Perhaps at the mercy of the director's vision and final cut?

"No. Sometimes it's your own fault. You're just over-acting."

There's little chance of being accused of that in her latest movie, Suite Francais, in which she's on scene-stealing form.

The film is based on the bestselling book by Irene Nemirovsky and set in the fictional French town of Bussy during the early days of the German occupation.

It was years after the author's death, in 1942 in Auschwitz, aged 39, that her daughter found the two completed novellas, Storm In June and Dolce (which have been combined to make Suite Francais), along with an outline for a third called Captivity and the titles of the final two, Battles and Peace.

At the centre of the story is Lucile Angellier (Michelle Williams), who is waiting for news from her husband, a prisoner of war. It's the summer of 1940 and Parisian refugees are soon pouring into the small town, closely followed by a regiment of German soldiers who take up residence in the villagers' homes. Lucile and her domineering mother-in-law Madame Angellier (Scott Thomas) are joined by the refined German officer Bruno von Falk (Matthias Schoenaerts), and it's not long before a clandestine relationship between Lucile and Bruno ensues.

"In the book, Madame Angellier's described as being extremely religious, very tiny, bird-like and white-haired, quite different from how we've approached the character," says Cornwall-born Scott Thomas, who's lived in France since she was 19 and has worked on both English and French language films.

Madame Angellier might look different, but she remains as tough as she is in the book, prompting Bruno to joke that he should be the scary one.

"I figured that a mother whose son has disappeared, whose whereabouts you know nothing of, must be in an enormous state of anxiety," notes Scott Thomas, who has a daughter and two sons from a former marriage to a French gynaecologist.

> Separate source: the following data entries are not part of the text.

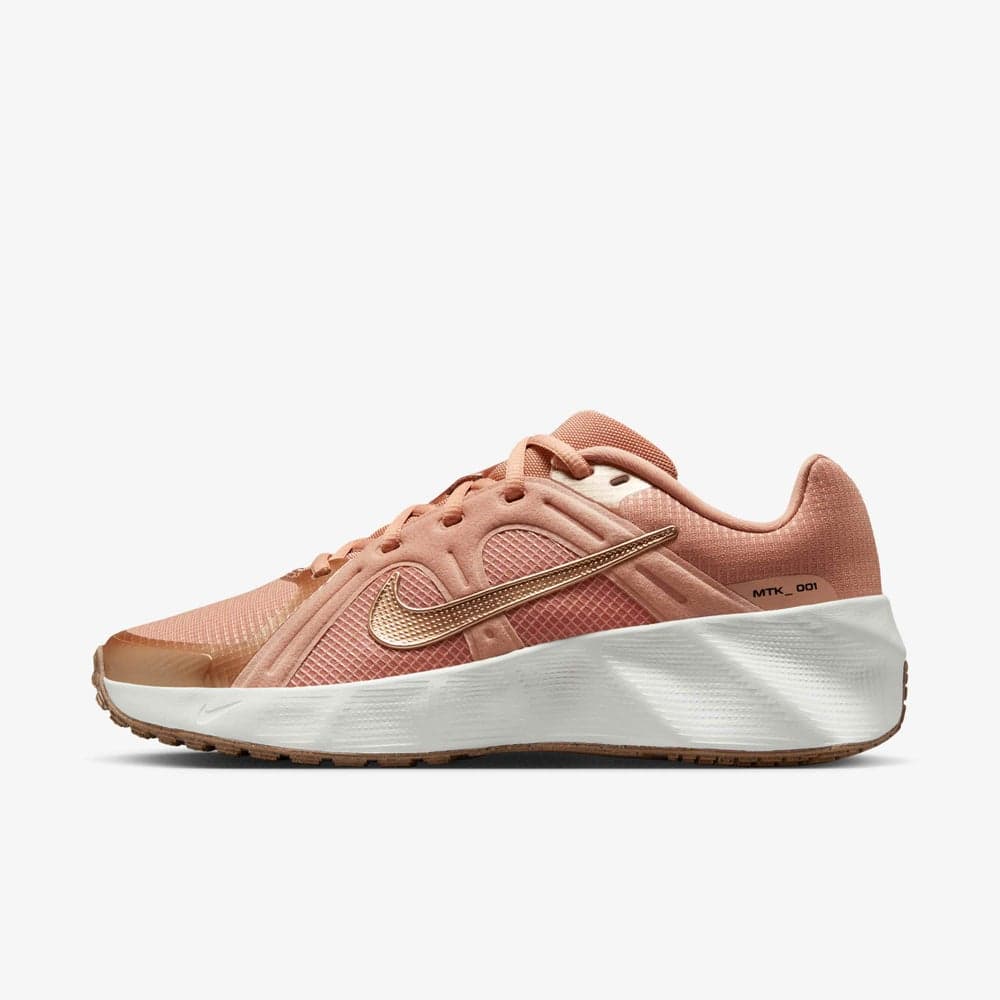 Women's Metro Tek Low Top Shoes - Image 1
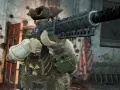 Personaje con sombrero de pirata y arma pesada, listo para la acción en Fallout 4. ¡Descubre trucos para dominar el Yermo!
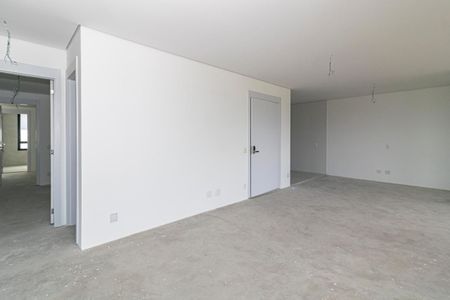 Apartamento à venda com 230m², 3 quartos e 4 vagasSala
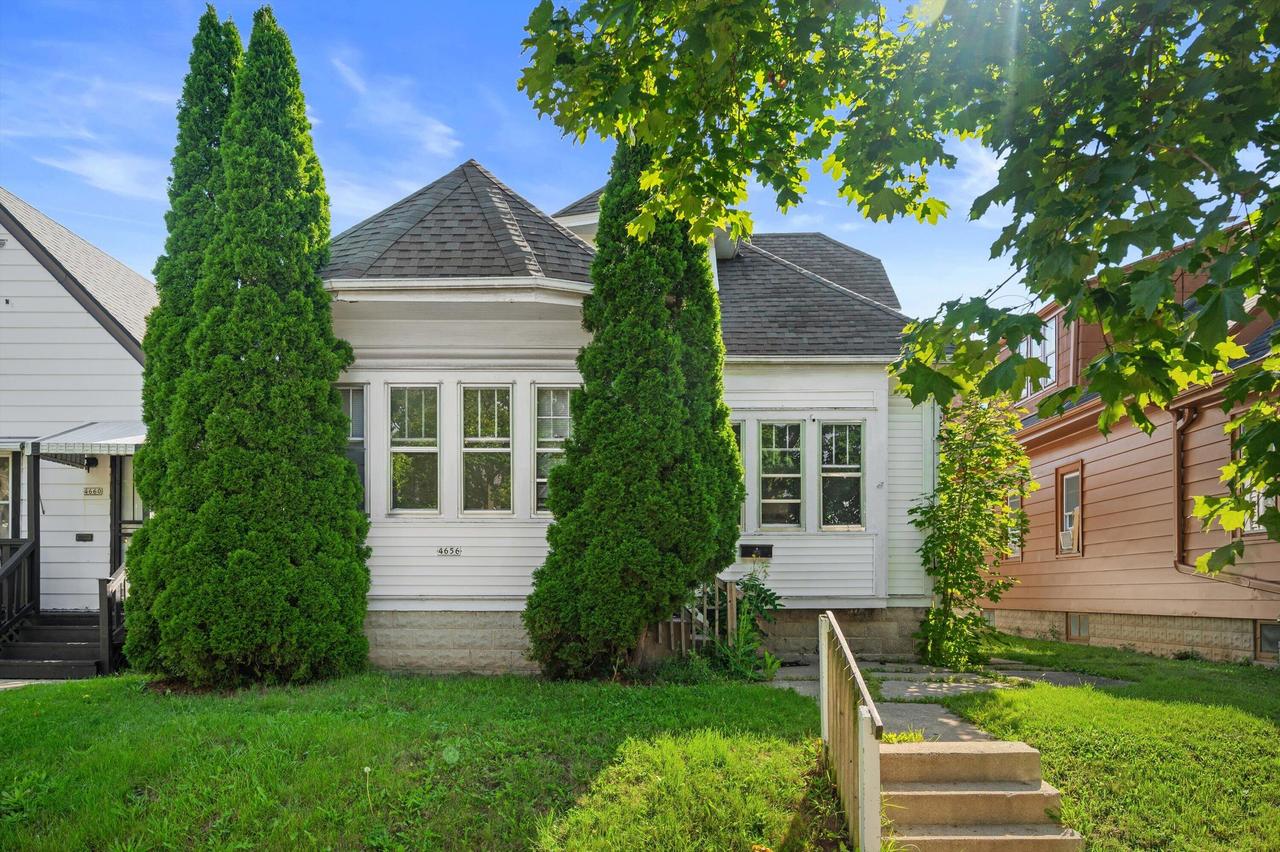 4656 N 40th St., Milwaukee, WI 53209
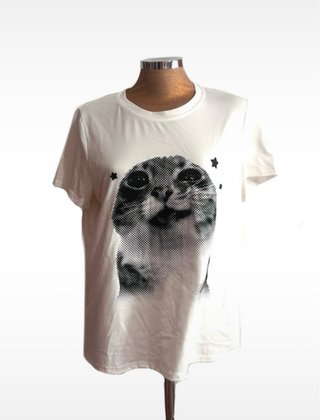 Camiseta blanca gato kawaii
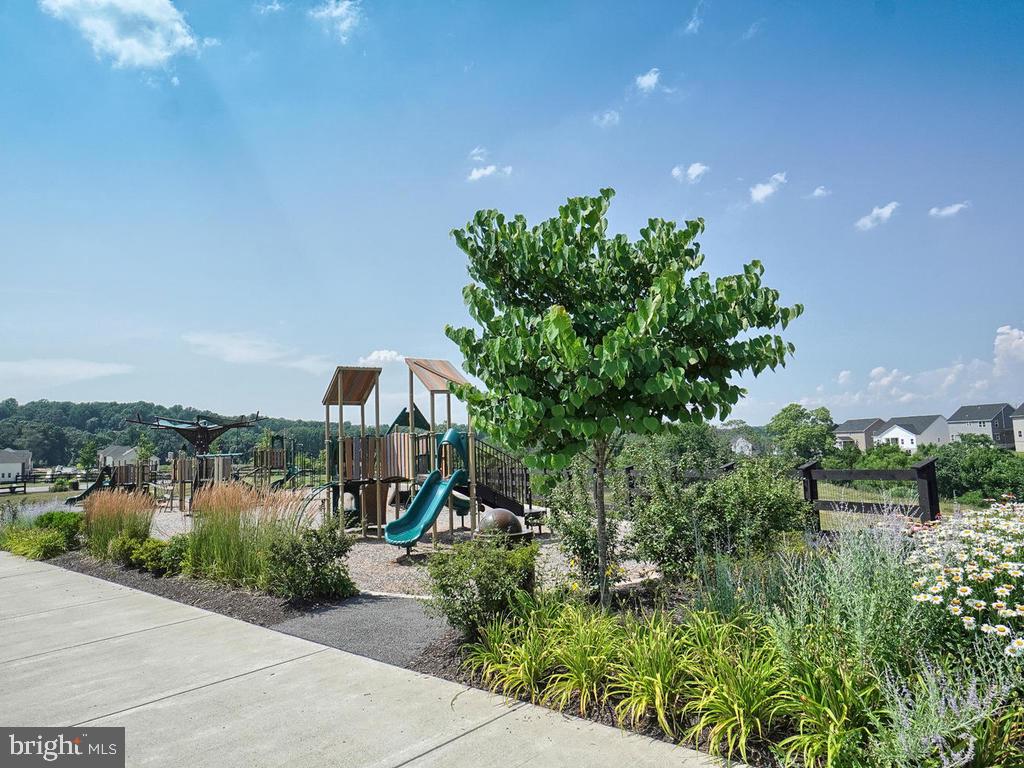 LANDSDALE - Residential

"I think that people, when they're frightened or anxious, put up these terrible barriers to protect themselves. I think that's what she's doing. She's got a lot to lose, but there is a development in the way she sees the world, through the film."

She hopes she isn't as overbearing as Madame Angellier. "I'm afraid you have to ask them [her children] that, but I don't think I'm like that at all. I'm a bit of a pushover as a mother."

Scott Thomas, whose Royal Navy pilot father was killed in a flying accident when she was a child [her mother's second husband also died in a similar accident], went to boarding school before studying drama. She was reportedly told she wasn't good enough though, and moved to Paris to become an au pair - but decided to give acting another go and enrolled in drama school.

It wasn't long before the singer Prince cast her in his 1986 film Under The Cherry Moon. The movie was panned, but Scott Thomas received rave reviews and her career took off.

Her true passion is the stage, and it's where she returns in May to play the Queen in The Audience, a role that (fellow Dame) Helen Mirren has recently reprised on Broadway.

"I'm not quite sure what to bring to it yet. That's the whole point of rehearsal [which she starts this week] - to find out what's there. All I know is that it's a very good play and a fascinating character. We learn so much about government, about what it is to be this symbol, and what it is to be a woman in that position. I'm very excited about it."

She's had a more tumultuous relationship with film than theatre.

"I've been doing this for a long time and there are periods where you can't bear what you're doing and you're bored of it. And then there are times when you're interest is piqued and you want to do something," she explains.

"I regularly come into make-up in the mornings and say, 'This is the last film I'm ever doing', and then go and make 10, so who knows!

"I'm a human being, I'm allowed to change my mind."